Adding extra letters to words that aren't meant to because it looks cool and text speak. It drives me crazy when people use 'u' instead of you, I use full punctuation, spelling and grammar in my texts, it doesn't take that much, why can't they?!


----------



## shellfisch (Jul 4, 2010)

miley_take said:


> Adding extra letters to words that aren't meant to because it looks cool and text speak. It drives me crazy when people use 'u' instead of you, I use full punctuation, spelling and grammar in my texts, it doesn't take that much, why can't they?!



Me too! When people send me jokes via text, I have to 'fix them up' before I forward them... :lol:


----------



## MrHappy (Jul 4, 2010)

Maybe we could start a thread "Grammar Lesson for the Week" and provide hints/lessons on a common grammatical error each week. We could cover spelling hints/tricks too.

Am I going too far here? Imagine a new person to a Python Site coming across "Grammar Lesson for the Week"


----------



## Steman (Jul 5, 2010)

a friend of mine spells AM as EM and it drives me nuts. also people that say ARKS instead of ASK


----------



## euphorion (Jul 5, 2010)

Kristy_07 said:


> I'm pretty anal about the use of "that" and "which", as well!
> 
> THAT should be used to introduce a restrictive clause.
> WHICH should be used to introduce a non-restrictive or parenthetical clause.
> ...



Oh my...


----------



## Kristy_07 (Jul 5, 2010)

shooshoo said:


> Oh my...


 
It's important stuff, shoo


----------



## shellfisch (Jul 5, 2010)

*'Let's eat Grandma!' or, 'Let's eat, Grandma!' Punctuation saves lives.*

This is a Facebook group that made me laugh :lol:


----------



## Kristy_07 (Jul 5, 2010)

Another good one:
_When hunting, lions hide in the bushes._
_When hunting lions, hide in the bushes._
Misinterpretation between the two will result in serious injury or death.

And, my favourite....

Punctuation: the difference between responding to the question "rough night?" with "f-ing a dude" and "f-ing a, dude."


----------



## Chris1 (Jul 5, 2010)

people that talk about breading their animals, if u cant spell it, DON'T DO IT!!


----------



## shellfisch (Jul 5, 2010)

kristy_07 said:


> another good one:
> _when hunting, lions hide in the bushes._
> _when hunting lions, hide in the bushes._
> misinterpretation between the two will result in serious injury or death.
> ...



lol!


----------



## silatman (Jul 5, 2010)

I have a close friend who always writes "loose" instead of 'lose' and "tones" instead of 'tonnes'. It drives me crazy but I can't bring myself to tell her.


----------



## The Reptile Outlet (Jul 6, 2010)

shellfisch said:


> Somethin*k* instead of somethin*g* - when spoken, obviously :lol:
> 
> :


 
Mine too..... all the words that end in 'ing' but are mispronounced as 'ink'... I guess it's because I had it drummed into me at school.


----------



## PicklePants (Jul 6, 2010)

ZEE instead of ZED at the end of the alphabet.


----------



## PhilK (Jul 6, 2010)

Youse.
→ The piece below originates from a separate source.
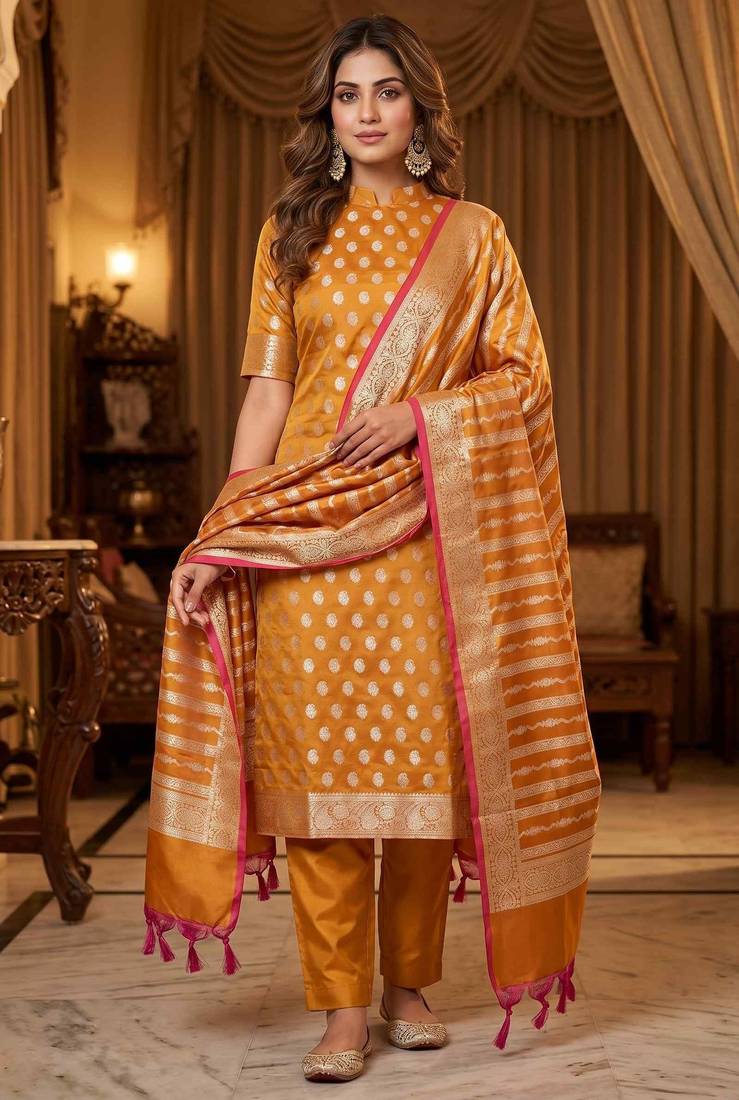 Banarasi cotton semi silk 3pcs unstiched dress material in rust orange colour with zari booti work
Capsicun. Punkin.


----------



## Elapidae1 (Jul 6, 2010)

ZEE instead of ZED at the end of the alphabet.

Zee _n _the name of the letter z


----------



## giglamesh (Jul 7, 2010)

i don't know if this has been said, were when it should be where.


----------



## toximac (Jul 8, 2010)

Never heard Slither in that context... Id normally hear 'a little piece' , 'a smidgeon' 'a bit'... 'a small piece' LMAO .. Who uses slither these days, just as the old ladies have those sayings "as the crow flies".. maybe you need to hang out with a younger crowd & stop beating ureself up over gramma - If its short, and gets the message across..Y really Care Rite? You Know wat It Means, u know like, serially..
Anyway, Isn't Slithern a harry potter team or something.. I remember in year 2 we had those old school books learning verbs/nouns ect.. "the Snake Slithered through the grass".. yeah its very olden day lol


----------



## nicman72 (Jul 8, 2010)

I've got a mate who only eats rations of bacon. Personally, I eat rashers...
Also, does anyone care about the difference between to and too any more, or their, there and they're?
While we're on it, what about the difference between its and it's? 
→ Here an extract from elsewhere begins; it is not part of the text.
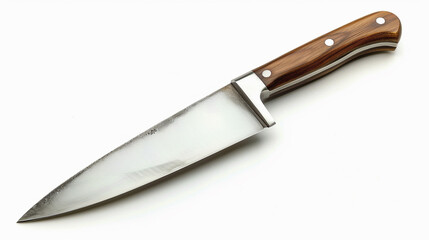 Fototapeta premium A chef's knife on an isolated white background, object focused, png, stock image, hd quality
This is a never-ending thread - looking forward to seeing more posts!
Nic


----------



## Megzz (Jul 8, 2010)

nicman72 said:


> Also, does anyone care about the difference between to and too any more, or their, there and they're?
> While we're on it, what about the difference between its and it's?
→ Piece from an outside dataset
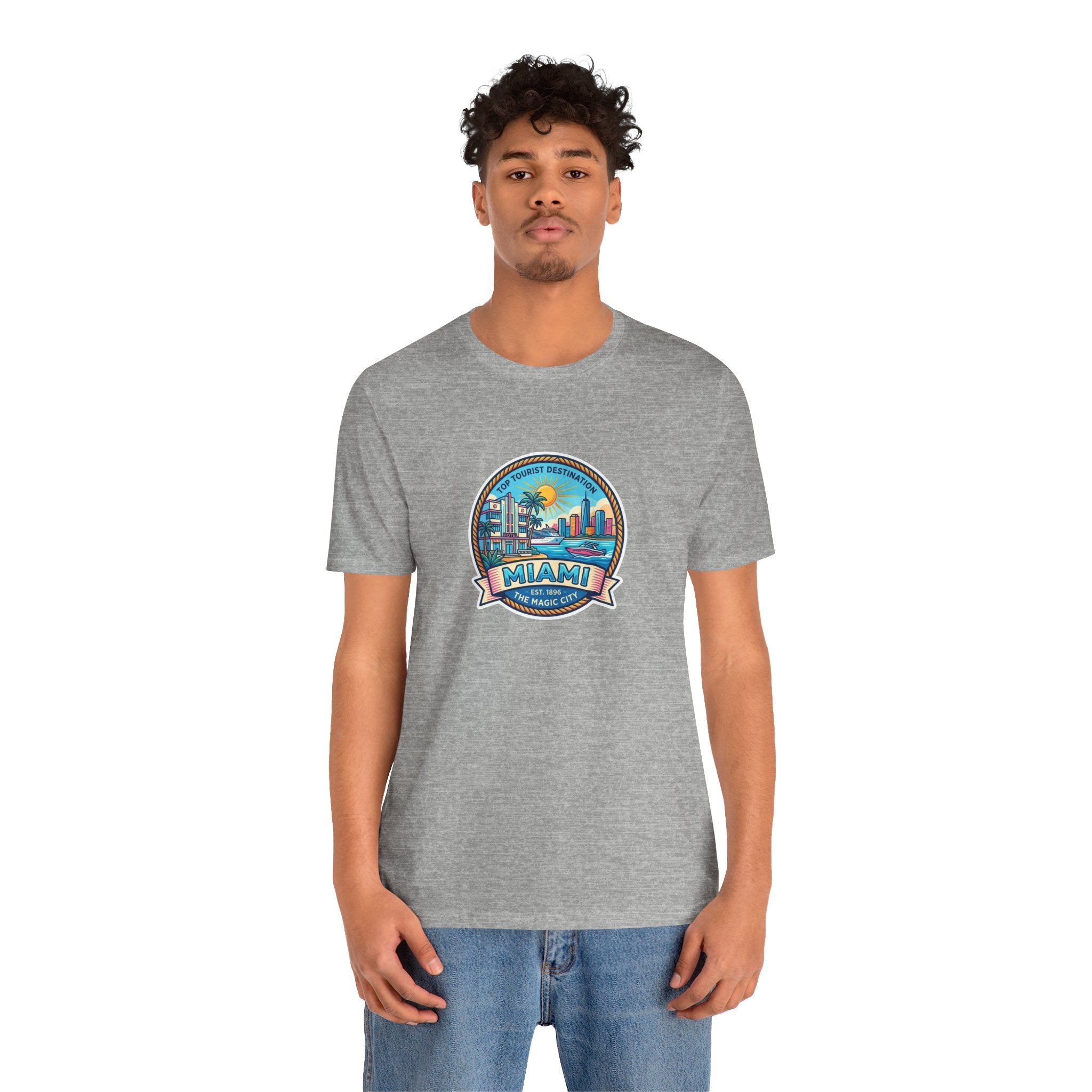 Miami Beach Vintage Logo Tee — Miami Skyline Sunset T‑Shirt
The first two drive me nuts. As for the third one, I'm probably just as guilty as the next guy


----------



## Kristy_07 (Jul 8, 2010)

nicman72 said:


> I've got a mate who only eats rations of bacon. Personally, I eat rashers...
> Also, does anyone care about the difference between to and too any more, or their, there and they're?
> While we're on it, what about the difference between its and it's?
> 
> ...



Maybe he's onto something - I should probably try to ration the amount of bacon I eat, too...

Hey, this one is pretty tough!

http://www.quizmoz.com/quizzes/English-Language-Quizzes/c/Common-English-Grammar-Mistakes-Quiz.asp


----------



## Megzz (Jul 8, 2010)

A couple of times today on here I have read people using 'excepted' instead of 'accepted'...


----------



## AUSHERP (Jul 8, 2010)

effect and affect. get it right damn it! ha
i cannot stand people who talk in text form, that is when i say something funny and they say rofl or lol!!


----------



## Megzz (Jul 8, 2010)

AUSHERP said:


> i cannot stand people who talk in text form, that is when i say something funny and they say rofl or lol!!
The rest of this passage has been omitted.